By David Friend, The Canadian Press
TORONTO - More Canadians are taking higher paying full-time jobs, in mining, technology and agriculture sectors, despite a sharp drop in overall new positions, says a report released Wednesday.
The report from CIBC World Markets (TSX:CM) on employment quality says job growth surged by six per cent since last year in areas like farming, Internet services and the beverage, tobacco, and electronics manufacturing.
The heftier paycheques associated with those jobs helped boost the average weekly wage by 4.3 per cent year-over-year, almost double the inflation rate, said the bank's senior economist Benjamin Tal.

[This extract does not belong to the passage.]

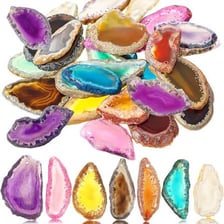 A polished agate slice displaying its characteristic bands.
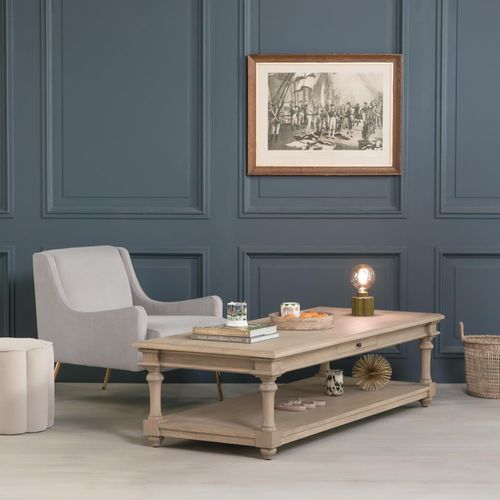 Rustic Wood 1 Drawer Large Coffee Table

The report comes as concern grows over the slowing Canadian economy, mainly from the impact of a worsening United States economy and troubles in the auto, forestry and manufacturing sectors.
As well, high oil prices and fears of rising inflation have battered the Canadian stock market, further darkening the prospects for the economy.
But Tal's report suggests losses in the blue-collar economy are being cushioned by gains in other high-paying sectors.
Tal's report said lower paying jobs like repair and maintenance and garment manufacturing didn't see growth in the same six-month period, and were up only one per cent over the past year.
"It seems that in Canada the loss of manufacturing jobs is being offset by job gains in sectors with equivalent or higher employment quality," said Tal in the report.
"Note that the experience in Canada is very different than the situation in the U.S. where the quality of employment fell by 2.8 per cent over the past year and by 1.7 cent over the past six months."
Tal said the quality of jobs is greater even while the number of part-time employment positions is rising faster than the number of full-time jobs - up 4.7 per cent over the past year compared to 1.1 per cent for full-time.
He also noted that Saskatchewan has surpassed Alberta as leader in the level of employment quality among Canadian provinces.
"This improvement was fuelled by strong job gains in agriculture, energy extraction and mining exploration and developments, where earnings run anywhere from 50 per cent to 125 per cent above the industrial average," he said.
In Ontario, employment quality was 4.7 per cent higher than the start of the year, which Tal said was an inconsistency considering the eroding manufacturing industry.
"A closer look suggests that many of the jobs lost in the sector over the past year were in low-paying industries such as wood, clothing and textile," he said.
On average, the Canadian economy is generating just 7,500 new jobs a month compared to about 40,000 a year ago, he wrote.
But the index is also at its highest level in a year and a half, and Tal expects the quality of employment to remain elevated.